Akram calls outcome of key UN forum ‘beacon of hope’ for virus-hit countries

NEW YORK: The High-level Political Forum on Sustainable Development wrapped up its latest session on Thursday (early Friday in Pakistan) with Pakistan’s Ambassador at the United Nations Munir Akram calling the outcome as a “beacon of hope” for the developing countries trying to recover from the economic and social consequences of the coronavirus crisis.

In his closing remarks, Akram, who also heads the Economic and Social Council, said the deliberations over eight days, in which many world leaders, including Prime Minister Imran Khan, took part — both virtually and in-person — were “intense and action-oriented.”

He expressed the hope that member states would be guided by that beacon of hope as “we navigate heavy seas” towards the post of the anti-poverty Sustainable Development Goals.

The HLPF, a subsidiary of ECOSOC, is the core UN platform for the follow-up and review of the 2030 agenda for Sustainable Development and its 17 objectives.

Akram, who presided over the intensive deliberations, said the forum examined the voluntary national reviews of 42 countries that illustrated both the common and differentiated challenges they confront in realising the SDGs and responding to the pandemic.

The status of implementation of key SDGs was also reviewed that “unless states, individually and jointly, take bold emergency actions, we will, by and large, be unable to achieve the most of 17 SDGs by 2030”, he said.

The meeting also unanimously adopted a Ministerial Declaration that prescribes the required actions and commits governments and other stakeholders to implement them.

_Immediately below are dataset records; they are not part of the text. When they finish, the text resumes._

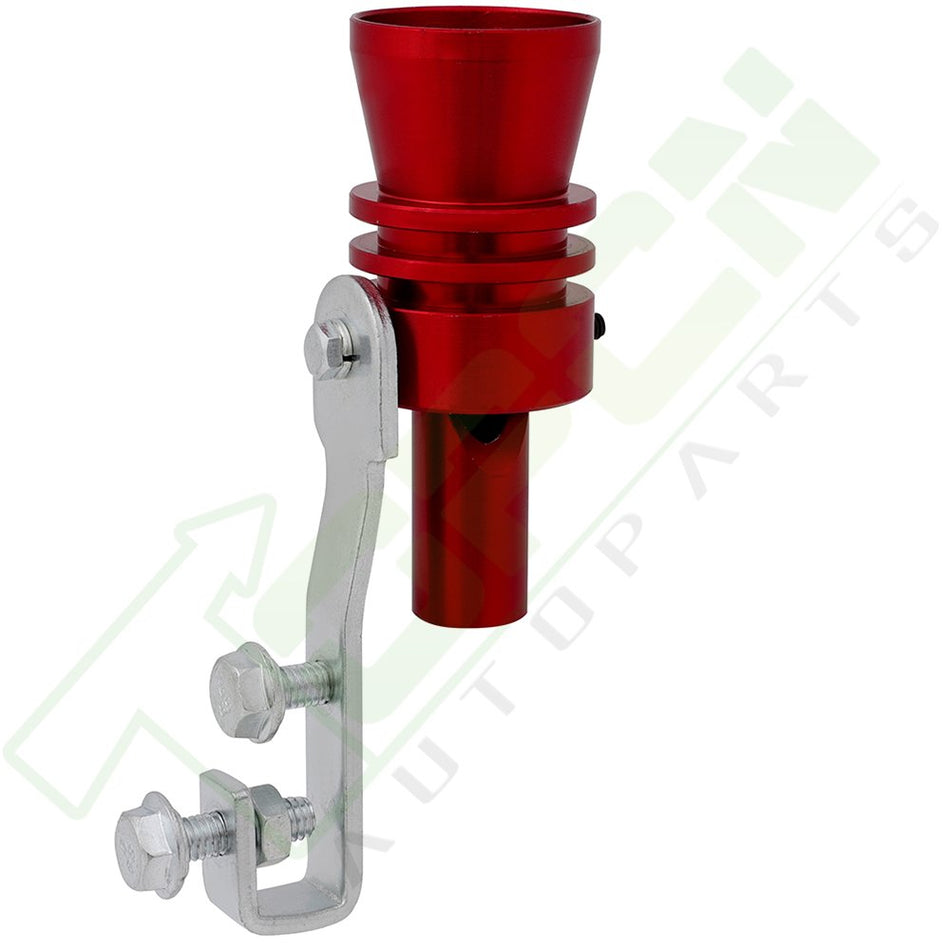 Exhaust Pipe Oversized Car Turbo Sound Whistle Simulator Roar Maker Loud XL Red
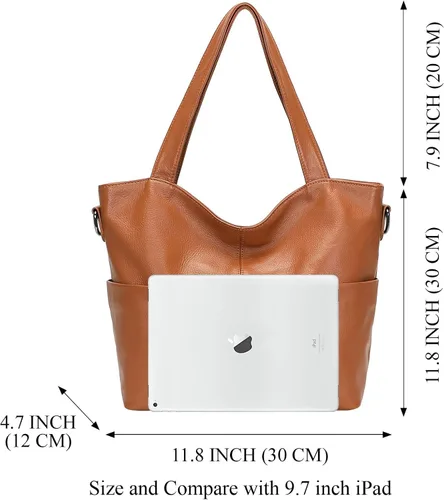Vista 5 de CHERISH KISS Bolsos de cuero y bolsos de mano para mujer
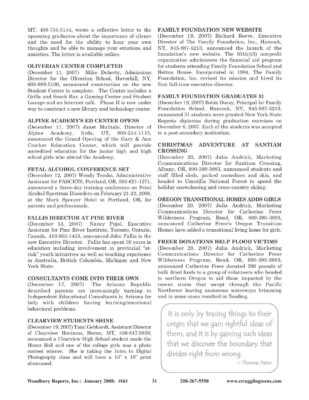 Woodbury Reports, January 2008 (#161), P. 31: Alpine Academy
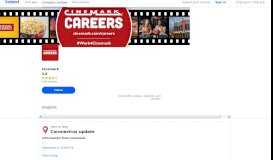 
							         Working at Cinemark: 2,275 Reviews | Indeed.com								  
							    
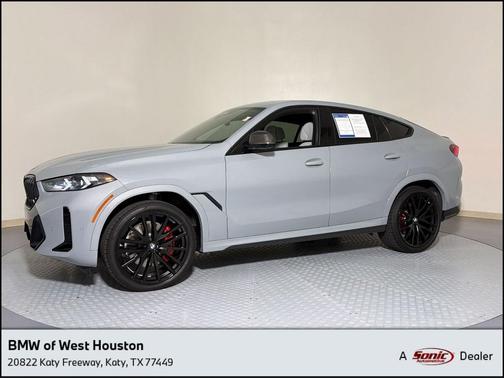 Gray Metallic 2026 BMW X6 xDrive40i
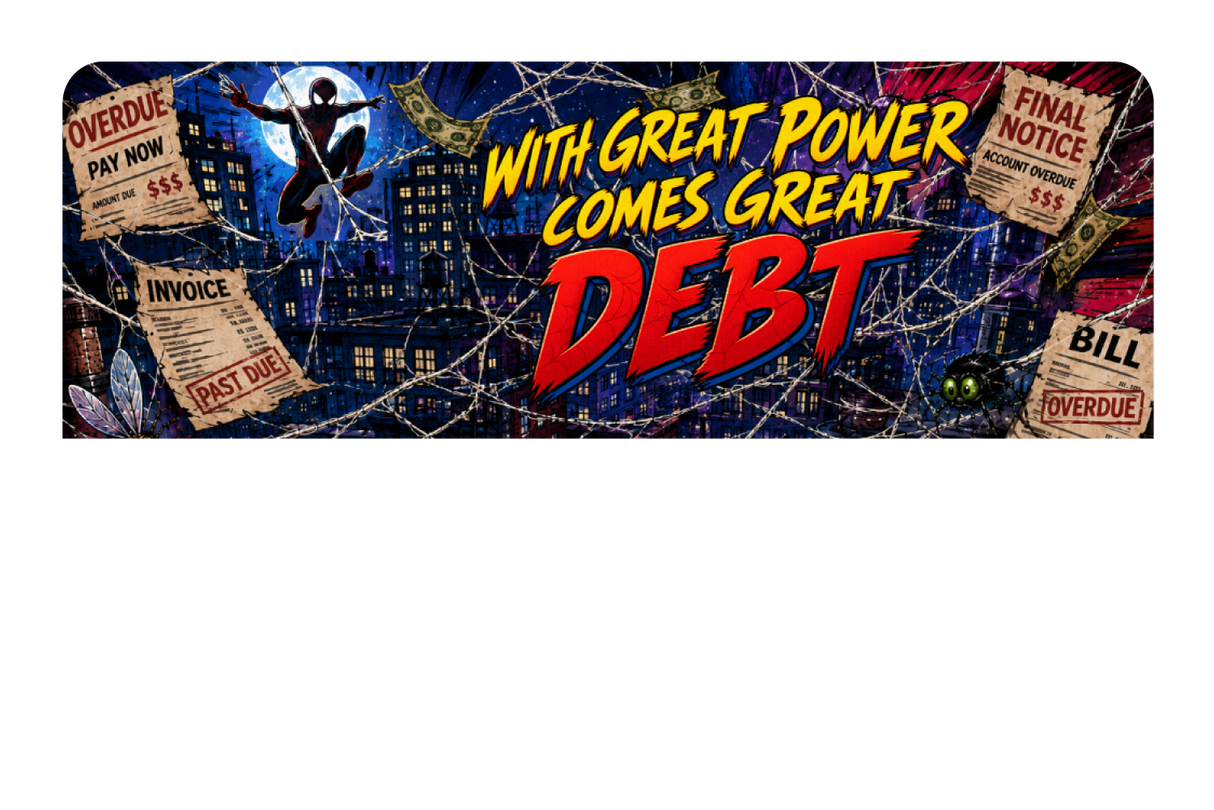 With great power, comes great debt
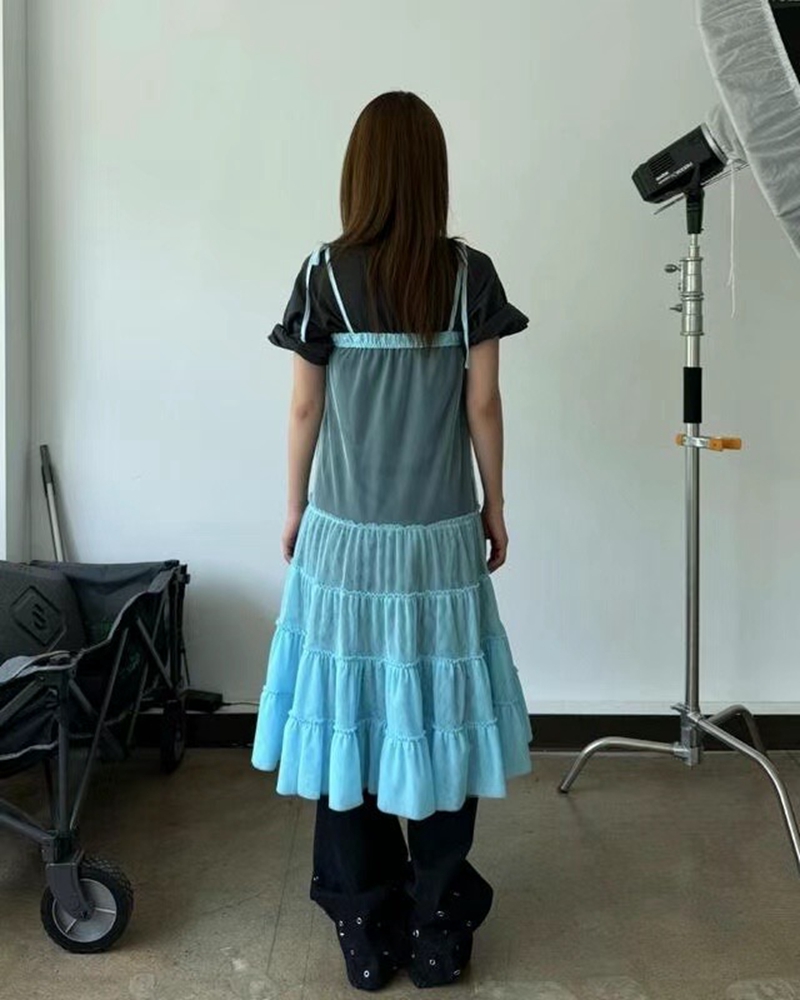 EXCUSE韓國直郵㊣女士新品推薦休閑真品職業人氣時尚連衣裙EXCUSE連衣裙
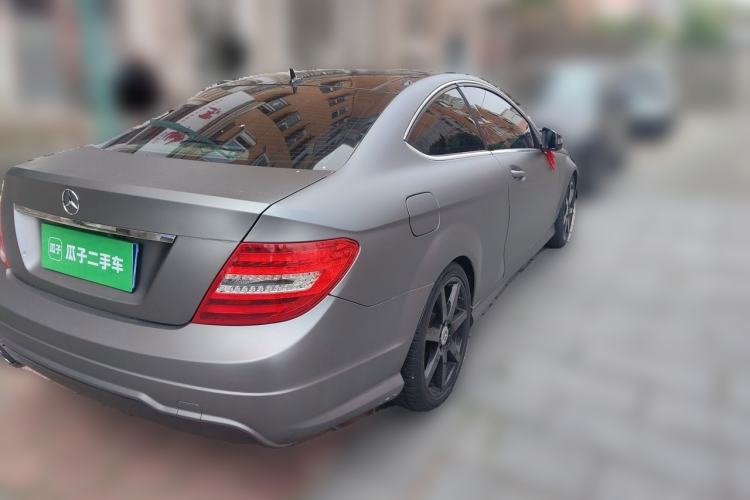 Used Mercedes-Benz C-Class 2013 C 180 Coupe Rear Right 45 Deg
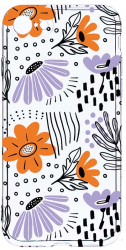 Husa Bestcase comp cu Apple iPhone 8 / iPhone 7 Flowers - Pastel Colors 2MM Soft Silicon prot cam T 757 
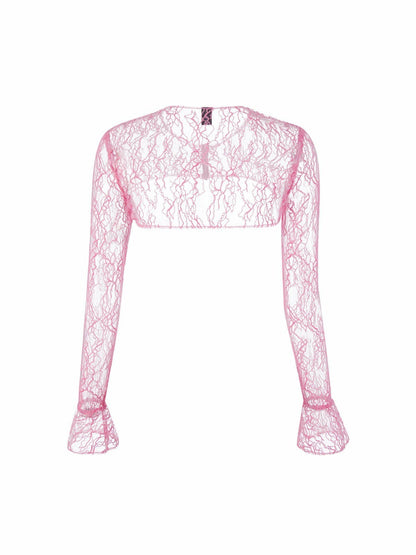 Nana Jacqueline Jilly Cover: Pink Cardigan for Date Night Pink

Ambassador Akram said the main messages from the forum’s deliberations and the declaration include:

(1) The world must quickly contain and defeat the virus. No individual will be safe until everyone is safe. The world economy will not fully recover, nor can we achieve the SDGs in time unless we do so. The vaccine is a global public good and must be made available to all.

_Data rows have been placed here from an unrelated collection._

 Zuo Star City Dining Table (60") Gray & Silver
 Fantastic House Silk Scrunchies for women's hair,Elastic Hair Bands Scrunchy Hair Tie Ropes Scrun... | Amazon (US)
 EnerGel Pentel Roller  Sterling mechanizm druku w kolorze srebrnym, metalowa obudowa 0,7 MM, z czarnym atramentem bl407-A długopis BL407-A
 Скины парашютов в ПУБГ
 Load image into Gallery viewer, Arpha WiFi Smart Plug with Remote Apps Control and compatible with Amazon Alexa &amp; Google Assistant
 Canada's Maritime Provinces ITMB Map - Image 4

(2) Financial assistance is the key to recovery, SDG achievement and arresting climate change and environmental degradation. Resource mobilisation must be pursued as a global goal to address all aspects of the triple crisis: Debt restructuring, concessional assistance, creation and generous reallocation of unutilised Special Drawing Rights quotas, scaled-up public and private investment in sustainable infrastructure and other employment generating projects and programmes.

(3) Poverty and hunger that have increased sharply must be addressed frontally, including through social protection programmes and safety nets, and massive concessional assistance to those in need, the poorest people and the poorest and vulnerable countries.

(4) The UN platform must continue to be the principal advocate of the poor and act boldly to secure implementation of all the commitments made in the declaration. It must press the powerful to make the paradigm change in the methods and modalities of mutual cooperation, which embraces the objectives and equity, inclusion and universality.

“Without this, we will be consigned to a world that is increasingly divided between the rich and poor, to rising poverty, human suffering, social chaos and proliferating conflicts,” Akram added.

UN Deputy Secretary-General Amina J. Mohammed also addressed the closing session.

Mohammed attributed the pandemic to “a reversal of SDG progress in some areas, and delayed action on many of the major transitions required to meet our 2030 goals”.

She said the pandemic has had a “deeply negative impact” on health and well-being; employment, businesses, incomes, education, and human rights with “a particularly damaging effect on women and girls”.

The diplomat said many participants observed that some of the measures put in place during the pandemic could provide a foundation for SDG progress, giving the examples of digital learning, which could help to transform education more broadly, along with building on critical fiscal support many countries had provided to their economy, jobs and people.

“Governments should now consider whether some of these measures can be integrated into comprehensive social protection systems”, the official said.

Recovery efforts can be designed both to restart economies and accelerate SDG implementation, she added.